Kedua, ayat-ayat yang menyebutkan tentang terjadinya pelbagai peristiwa pada umat terdahulu yang sejatinya termasuk dari peristiwa raj'at. Misalnya pada ayat-ayat berikut ini:
1. Ayat 259 surah al-Baqarah tentang seorang nabi yang melintas suatu negeri, "Ataukah (kamu tidak memperhatikan) orang yang melalui suatu negeri yang (temboknya) telah roboh menutupi atapnya? Ia berkata, “Bagaimana mungkin Allah akan menghidupkan kembali negeri ini setelah hancur?” Maka Allah mematikan orang itu selama seratus tahun, kemudian menghidupkannya kembali. Allah bertanya, “Berapa lama kamu tinggal di sini?” Ia menjawab, “Saya telah tinggal di sini sehari atau setengah hari.” Allah berfirman, “Sebenarnya kamu telah tinggal di sini selama seratus tahun lamanya." Bukan menjadi persoalan penting di sini bahwa nabi yang disebutkan itu adalah Aziz atau nabi yang lainnya. Yang penting adalah bahwa afirmasi al-Qur'an secara tegas yang menyebutkan kehidupan setelah kematian di dunia ini, FaamatahuLlâh ba'da miata âmmin tsumma ba'atsahu. (Maka Allah mematikan orang itu selama seratus tahun, kemudian menghidupkannya kembali.)

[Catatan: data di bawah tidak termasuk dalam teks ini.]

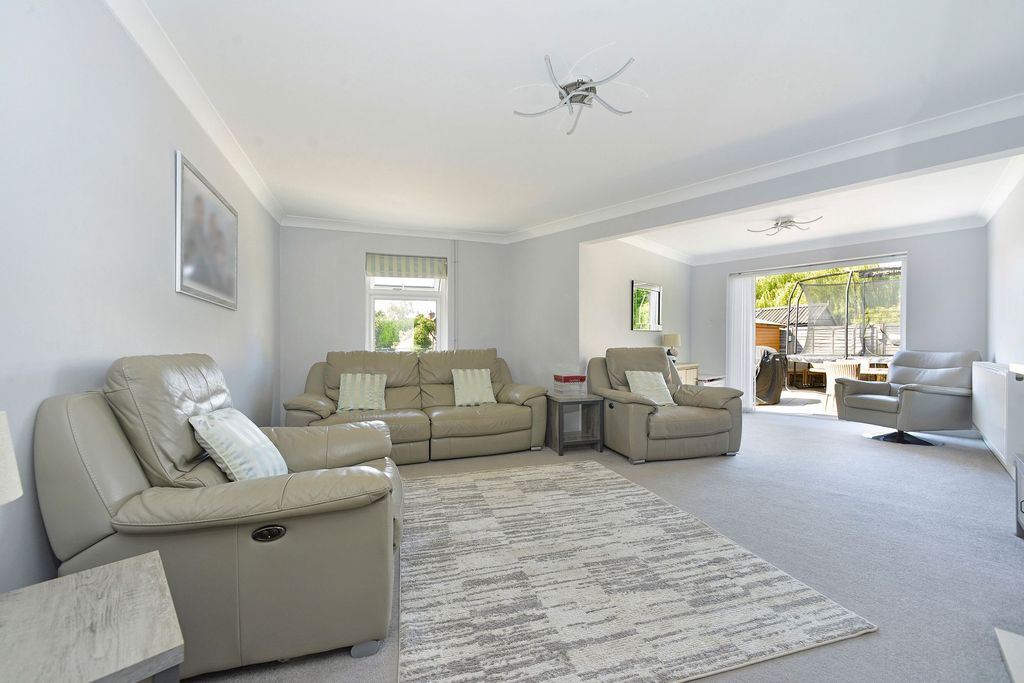 Property photo 2 of 18 Photo 7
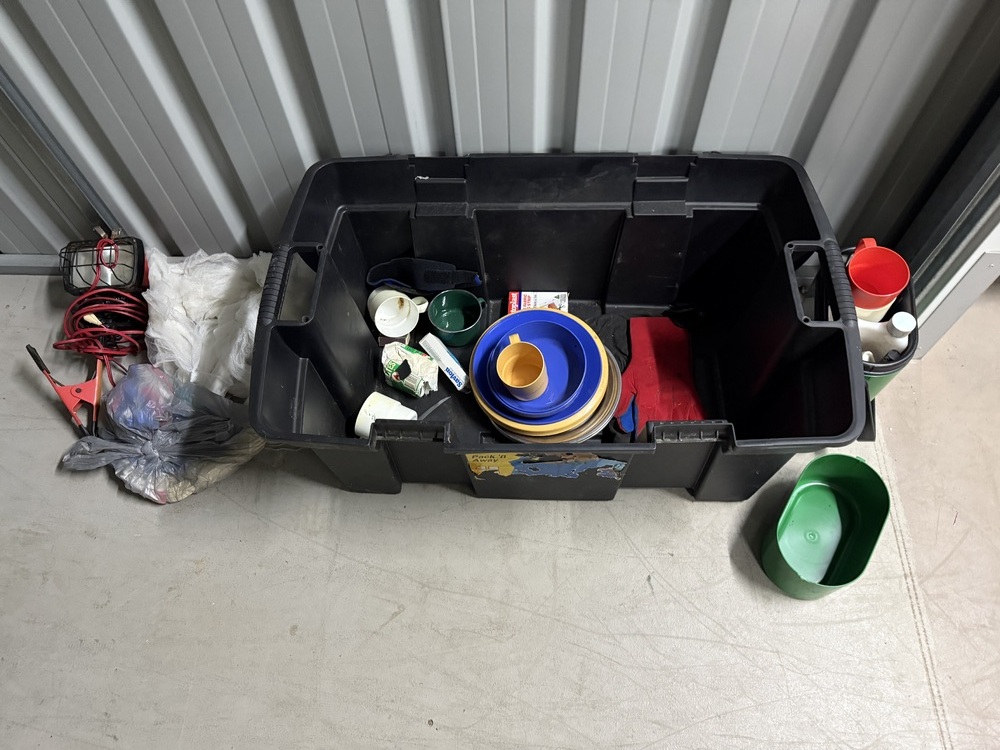 Island Secure Storage Self Storage Auctions auction IB-3378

2. Ayat 243 surah al-Baqarah yang mengisahkan tentang sekelompok manusia lainnya, "Apakah engkau tidak melihat (baca: mendapatkan berita tentang) orang-orang yang keluar dari kampung halaman mereka, sedangkan mereka berjumlah ribuan orang karena takut mati? Lalu, Allah berfirman kepada mereka, “Matilah kamu!” Kemudian Allah menghidupkan mereka (supaya kisah hidup mereka menjadi pelajaran bagi generasi mendatang)."

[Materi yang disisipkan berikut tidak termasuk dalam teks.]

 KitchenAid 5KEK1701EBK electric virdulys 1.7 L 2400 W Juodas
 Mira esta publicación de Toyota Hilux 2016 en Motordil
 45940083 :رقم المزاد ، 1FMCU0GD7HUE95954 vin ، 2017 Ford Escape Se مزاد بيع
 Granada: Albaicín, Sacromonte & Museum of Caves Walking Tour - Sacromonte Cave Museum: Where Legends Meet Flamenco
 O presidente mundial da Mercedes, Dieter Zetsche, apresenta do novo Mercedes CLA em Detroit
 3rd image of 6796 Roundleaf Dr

3. Ayat 55 dan 56 surah al-Baqarah tentang Bani Israil yang meminta kepada Nabi Musa untuk dapat melihat Tuhan, "Dan (ingatlah) ketika kamu berkata, “Hai Musa, kami tidak akan beriman kepadamu sebelum kami melihat Allah dengan terang.” Lalu karena itu halilintar menyambarmu sedang kamu menyaksikannya. Setelah itu, Kami bangkitkan kamu sesudah kamu mati supaya kamu bersyukur."
4. Ayat 110 surah al-Maidah sembari menyebutkan mukjizat Nabi Isa As menegaskan: "Engkau mengeluarkan orang mati dari kubur (menjadi hidup) dengan perintah-Ku." Redaksi ayat ini menandaskan bahwa Nabi Isa menggunakan mukjizatnya ini (menghidupkan orang mati). Kata kerja yang digunakan dalam ayat ini adalah kata kerja mudhâre (present continues tense, takhruj [mengeluarkan]) sebagai dalil pengulangan dan hal ini termasuk salah satu jenis raj'at untuk sebagian orang.
5. Ayat 73 surah al-Baqarah terkait dengan seorang yang terbunuh di kalangan Bani Israel. Untuk menemukan pembunuhnya terjadilah perdebatan sengit di antara mereka. Al-Qur'an mengisahkan peristiwa ini sedemikian, "Lalu Kami berfirman, “Pukullah jenazah itu dengan sebagian anggota (tubuh) sapi betina itu (niscaya ia akan bangun dari kematiannya dan memberitahukan siapa pembunuh yang sebenarnya)!” Demikianlah, Allah menghidupkan kembali orang-orang yang telah mati, dan memperlihatkan kepadamu tanda-tanda kekuasaan-Nya agar kamu berpikir."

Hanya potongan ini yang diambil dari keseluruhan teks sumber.